Craters on Saturn's moon Pandora exhibit clarity and depth in this
anaglyph, or 3D view, from Cassini.
This stereo view shows the rugged, irregular shape caused by multiple
large impacts, and the smaller craters formed most recently on this tiny
satellite. Gravity is weak on Pandora (84 kilometers, or 52 miles across),
but it does hold onto the loose material formed by catering. The mantle of
fine debris partially hides older craters, slowly covering and filling
them as it coats the moon.
See PIA07632 for a color view of Pandora, taken at the same time.

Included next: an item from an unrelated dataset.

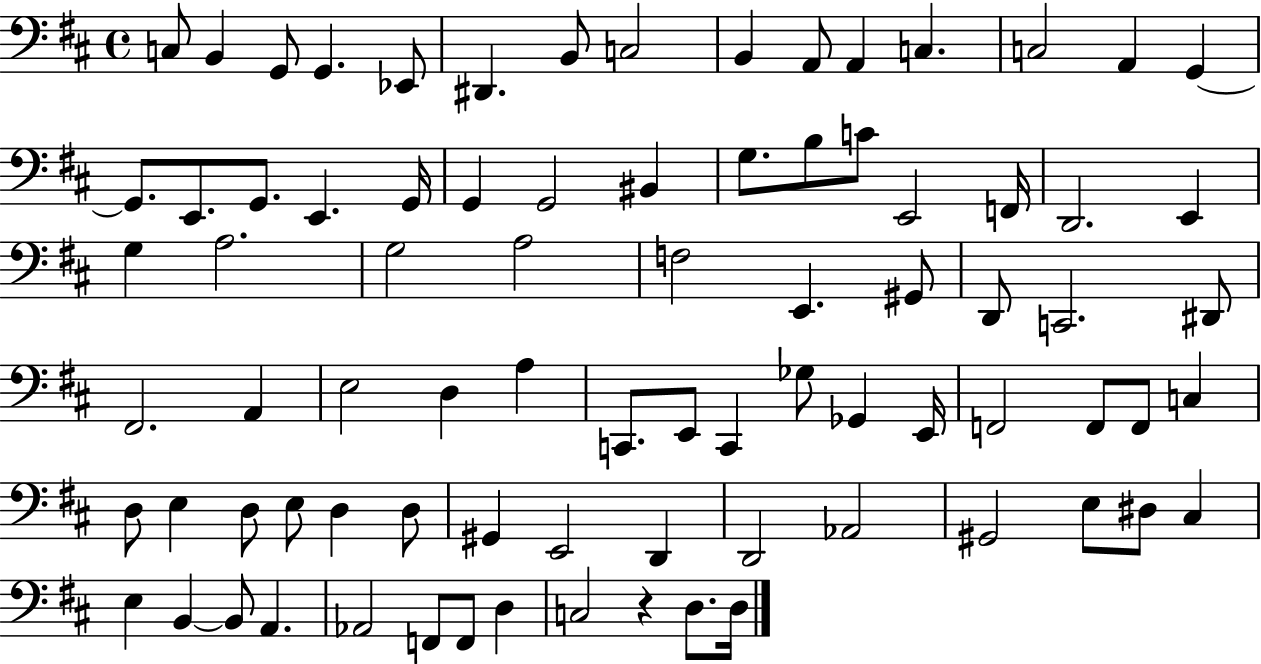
C3/e B2/q G2/e G2/q. Eb2/e D#2/q. B2/e C3/h B2/q A2/e A2/q C3/q. C3/h A2/q G2/q G2/e. E2/e. G2/e. E2/q. G2/s G2/q G2/h BIS2/q G3/e. B3/e C4/e E2/h F2/s D2/h. E2/q G3/q A3/h. G3/h A3/h F3/h E2/q. G#2/e D2/e C2/h. D#2/e F#2/h. A2/q E3/h D3/q A3/q C2/e. E2/e C2/q Gb3/e Gb2/q E2/s F2/h F2/e F2/e C3/q D3/e E3/q D3/e E3/e D3/q D3/e G#2/q E2/h D2/q D2/h Ab2/h G#2/h E3/e D#3/e C#3/q E3/q B2/q B2/e A2/q. Ab2/h F2/e F2/e D3/q C3/h R/q D3/e. D3/s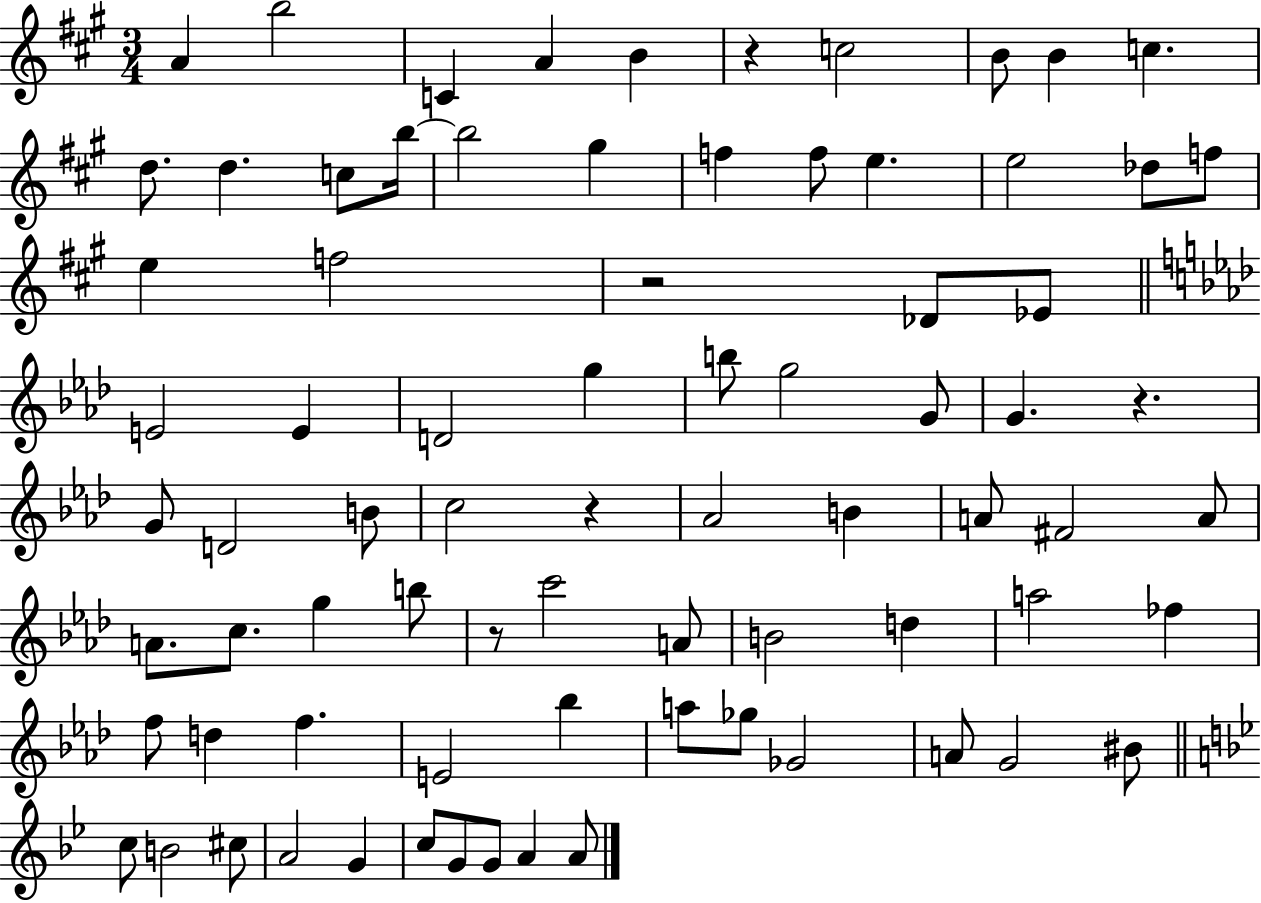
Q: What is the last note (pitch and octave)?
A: A4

The image was taken in visible light with the Cassini spacecraft
narrow-angle camera on Sept. 5, 2005, at a distance of approximately
52,700 kilometers (32,700 miles) from Pandora. Image scale is 312 meters
(1,024 feet) per pixel.
The Cassini-Huygens mission is a cooperative project of NASA, the European
Space Agency and the Italian Space Agency. The Jet Propulsion Laboratory,
a division of the California Institute of Technology in Pasadena, manages
the mission for NASA's Science Mission Directorate, Washington, D.C. The
Cassini orbiter and its two onboard cameras were designed, developed and
assembled at JPL. The imaging operations center is based at the Space
Science Institute in Boulder, Colo.
For more information about the Cassini-Huygens mission visit
http://saturn.jpl.nasa.gov/home/index.cfm. The Cassini imaging team
homepage is at http://ciclops.org.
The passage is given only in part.